If you’d been fortunate enough to be invited into our cavernous, converted warehouse of an office and felt the buzz, you’d probably guess a celebration was underway. The rewrite from Digg v3.5 to Digg v4 had marched haphazardly forward for nearly two years, and promised to move us from a monolithic community-driven news aggregator to an infinitely personalized aggregator driven by blending your social graph, top influencers, and the global zeitgeist of news.

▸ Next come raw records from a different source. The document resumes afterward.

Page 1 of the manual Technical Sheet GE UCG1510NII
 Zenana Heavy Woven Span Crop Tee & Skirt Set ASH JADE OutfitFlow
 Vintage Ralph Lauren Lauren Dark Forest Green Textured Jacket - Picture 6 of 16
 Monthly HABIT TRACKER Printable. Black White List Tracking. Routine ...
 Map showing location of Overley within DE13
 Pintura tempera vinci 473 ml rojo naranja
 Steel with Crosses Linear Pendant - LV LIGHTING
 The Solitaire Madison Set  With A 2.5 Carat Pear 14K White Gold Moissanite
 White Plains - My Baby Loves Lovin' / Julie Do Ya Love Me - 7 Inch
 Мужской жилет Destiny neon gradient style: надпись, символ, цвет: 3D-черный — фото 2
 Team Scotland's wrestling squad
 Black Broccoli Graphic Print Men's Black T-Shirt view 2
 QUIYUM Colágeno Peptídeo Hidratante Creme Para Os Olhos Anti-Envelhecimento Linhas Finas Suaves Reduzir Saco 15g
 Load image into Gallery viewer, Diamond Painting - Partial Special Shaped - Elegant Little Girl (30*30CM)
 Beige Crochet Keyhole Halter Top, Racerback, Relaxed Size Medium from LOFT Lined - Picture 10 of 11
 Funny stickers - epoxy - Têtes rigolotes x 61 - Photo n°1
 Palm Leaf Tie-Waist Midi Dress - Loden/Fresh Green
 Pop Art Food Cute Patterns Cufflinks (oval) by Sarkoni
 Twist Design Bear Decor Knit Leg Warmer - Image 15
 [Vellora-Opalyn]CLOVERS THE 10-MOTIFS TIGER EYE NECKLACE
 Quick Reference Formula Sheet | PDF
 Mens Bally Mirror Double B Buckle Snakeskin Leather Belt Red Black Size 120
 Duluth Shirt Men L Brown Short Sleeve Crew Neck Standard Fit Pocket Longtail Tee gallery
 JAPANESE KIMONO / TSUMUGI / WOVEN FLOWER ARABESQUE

If our product requirements had continued to flux well into the preceding week, the path to Digg v4 had been clearly established several years earlier, when Digg had been devastated by Google’s Panda algorithm update. As that search update took a leisurely month to soak into effect, our fortunes reversed like we’d spat on the gods: we fell from our first–and only–profitable month, and kept falling until our monthly traffic was severed in half. One month, a company culminating a five year path to profitability, the next a company in freefall and about to fundraise from a position of weakness.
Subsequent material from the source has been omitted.